Rosenberger: Die eingebürgerten Österreicher mussten auf die Staatsbürgerschaft jahrelang warten, in dieser Zeit hatten sie kein Wahlrecht und kamen oft aus Ländern, wo es das freie, geheime Wahlrecht nicht gab. Diese Gruppe war von der Ausübung demokratischer Rechte entwöhnt. Dazu kommt der Statusverlust vieler alteingesessener Bewohner durch Arbeitslosigkeit und Abhängigkeit von Sozialleistungen. Diese Situation zeigt sich heute in der Entkoppelung der Bürger von der Politik, der Entpolitisierung der Institution Gemeindebau.

STANDARD: Treten Sie für kommunales Ausländerwahlrecht ein?

Rosenberger: Ich bin unbedingt dieser Ansicht. Wenn jemand in Österreich verfestigten Aufenthalt hat, soll er oder sie zumindest auf lokaler und kommunaler Ebene wählen dürfen. Das ist ein demokratiepolitisches Gebot.

STANDARD: War es gut, die Einkommensgrenzen für Gemeindewohnungen hinaufzusetzen?

Rosenberger: Das ist grundsätzlich eine gute Maßnahme. Die soziale Gestaltung der Mietpreise ist wiederum eine eigene Frage. Um aber bestimmte Orte politisch und sozial nicht zu polarisieren oder zu exponieren, zu vermeiden, dass sie ein negatives Image aufbauen, ist die soziale und ethnische Durchmischung relevant. Gleichzeitig hat der Gemeindebau die sozialpolitische Funktion, sozial Schwächeren Wohnraum zu verschaffen. Die Staffelung der Mietpreise kann dazu beitragen, beide Ziele zu verfolgen.

STANDARD: Die Mieten steigen relativ stark in Wien. Droht hier ein soziales Problem? Brauchen wir neue Gemeindebauten?

Rosenberger: Wir beobachten, dass Löhne und Gehälter stagnieren und Wohnungspreise steigen. Das erzeugt Spannungen und Konflikte. Angesichts dieser Entwicklung steigt der Bedarf an günstigen Wohnungen. Manche Architekten meinen, es solle weniger reguliert werden, damit dichter bebaut werden kann. Die Diskrepanz zwischen Einkommen und Mieten jedenfalls zeigt, dass die Gesellschaften europaweit ungleicher und konfliktvoller werden und dass diese Entwicklung insbesondere die größeren europäischen Städte betrifft.

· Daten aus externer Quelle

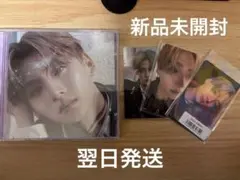 新品未開封 ALD1 サンウォンjewel euphoria ソニミュ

STANDARD: Progressive Architekten der Ersten Republik wollten zweckmäßige und schlichte Inneneinrichtungen für den "neuen Menschen" im Gemeindebau schaffen, beklagten sich aber über die "Zierdeckchen" -Seuche unter den Bewohnern, die heute noch grassiert. Eine neue Arbeiterschicht mit avantgardistischem Geschmack war wohl eine Illusion?

Rosenberger: Der Gemeindebau ist zwar weltweit ein Unikat, gleichzeitig aber nichts Besonderes. Letztlich wohnen hier Menschen mit üblichen individuellen Bedürfnissen, durchaus auch bürgerlichem und kleinbürgerlichem Geschmack. Das war in der Vergangenheit so, das ist heute so. (Petra Stuiber, DER STANDARD, 6.9.2013)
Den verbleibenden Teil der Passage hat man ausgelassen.